Compilation album by various artists
- Released: 1989 (original release) 1993 (re-release)
- Recorded: 1965
- Genres: Pop, rock
- Length: 29:02 (original 1989 release) 28:26 (1993 re-release)
- Label: Rhino Records

Billboard Top Rock'n'Roll Hits chronology
| Billboard Top Rock'n'Roll Hits: 1964 (1988) | Billboard Top Rock'n'Roll Hits: 1965 (1989) | Billboard Top Rock'n'Roll Hits: 1966 (1989) |

= Billboard Top Rock'n'Roll Hits: 1965 =

Billboard Top Rock'n'Roll Hits: 1965 is a compilation album released by Rhino Records in 1989, featuring 10 hit recordings from 1965.

The album includes seven songs that reached the top of the Billboard Hot 100 chart.
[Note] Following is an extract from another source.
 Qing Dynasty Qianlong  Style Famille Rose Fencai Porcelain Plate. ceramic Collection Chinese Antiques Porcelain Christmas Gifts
The remaining three tracks each reached the Hot 100's Top 5; one of those tracks was the No. 1 song of the year: "Wooly Bully" by Sam the Sham & the Pharaohs. A 1993 re-issue omitted both tracks by The Byrds as well as "Hang on Sloopy." These songs were replaced by "I Got You Babe" by Sonny & Cher (a No. 1 hit on the Billboard Hot 100) and two Top 5 hits: "The Name Game" and "A Lover's Concerto." This resulted in what was a Mr. Holland's Opus-esque album, as two songs from the 1993 re-release, "A Lover's Concerto" and "1-2-3", have been featured in the 1996 film Mr. Holland's Opus.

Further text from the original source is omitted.